Effect of the Osmotic Pre-Treatment on the Convective Air Drying Kinetics of Pear Var. Blanquilla

, , &
Pages 541-549 | Received 14 May 2005, Accepted 23 Oct 2005, Published online: 06 Feb 2007

Abstract

Kinetics of air drying of fresh and osmotically pretreated pear slices was analyzed. Osmotic treatments were applied for 0.5, 3, and 48 hours in 50°Brix sucrose solutions at 30°C. Air drying was carried out at 45, 55, and 65°C, 2.2 m/s air rate. Drying curves were modelled through a Fickian equation, obtaining the effective diffusion coefficient in each case. This coefficient was markedly affected by the temperature and by the osmotic pretreatment, ranging between 6.5 × 10− 12 to 5.8 × 10 − 10 m2/s. A significant relationship between the De, and the inverse of the initial solute content of the samples was found. Activation energy of the drying process was similar for fresh and osmotically pretreated samples for 0.5 and 3 hours, but increased considerably when long osmotic treatment time was applied. Total drying time increased in osmodehydrated samples, but process yield, in terms of sample weight loss, increased. These effects were more marked when long osmotic pretreatment times were used.

INTRODUCTION

Osmotic dehydration (OD) of fruits and vegetables by immersion in liquids with a water activity lower than that of food has received considerable attention in recent years as an air-drying pretreatment. This dehydration method, in which the simultaneous transfer of water out and solutes into the material takes place, can be used before air drying in order to reduce the food water content by 30 to 70% of the original amount. Several studies applying osmotic dehydration before drying report that yield and quality of fully dehydrated or intermediate moisture products are improved.[Citation1] Among the advantages of OD pre-treatments which have been reported, can be found: a) protection afforded to the product against structural collapse and structural disorganization, b) better texture and lower shrinkage,[Citation2,Citation3,Citation4] c) smaller changes in color and flavor than those caused by air drying by thermal effects,[Citation3,Citation5] d) shortening of the second stage drying time by up to 60% with a minimum energy savings of 20%.[Citation6,Citation7]

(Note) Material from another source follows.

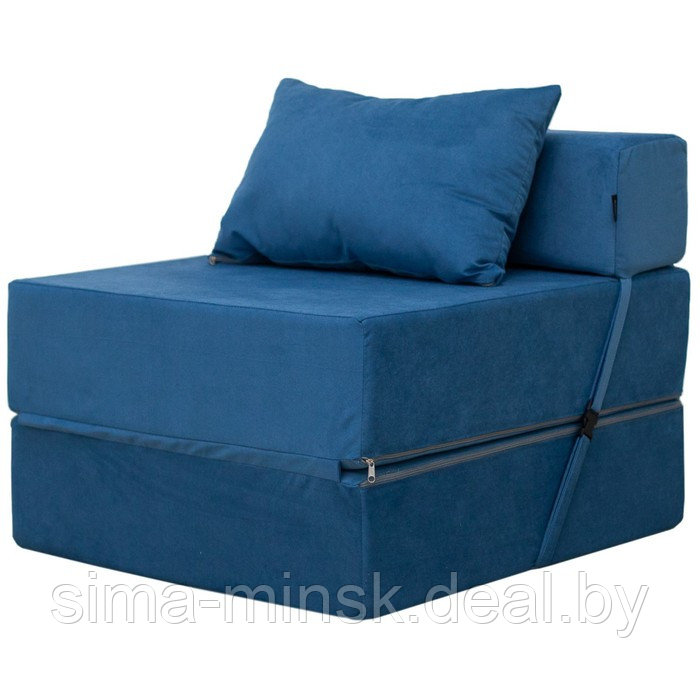 Бескаркасное кресло-кровать «Эссен», велюр, цвет синий - фото 1 - id-p208226663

Published results reveal that osmotic pre-treatment implies changes in mass transport properties of the product during air drying as a result of the structural changes induced by the pre-treatment, as it can be observed in previous works.[Citation8,Citation9] In general, a decrease in the water effective diffusion coefficient (De) has been observed in osmotically pretreated tissues; the greater the solute uptake in this step, the greater the De decrease.[Citation1,Citation3,Citation6,Citation7]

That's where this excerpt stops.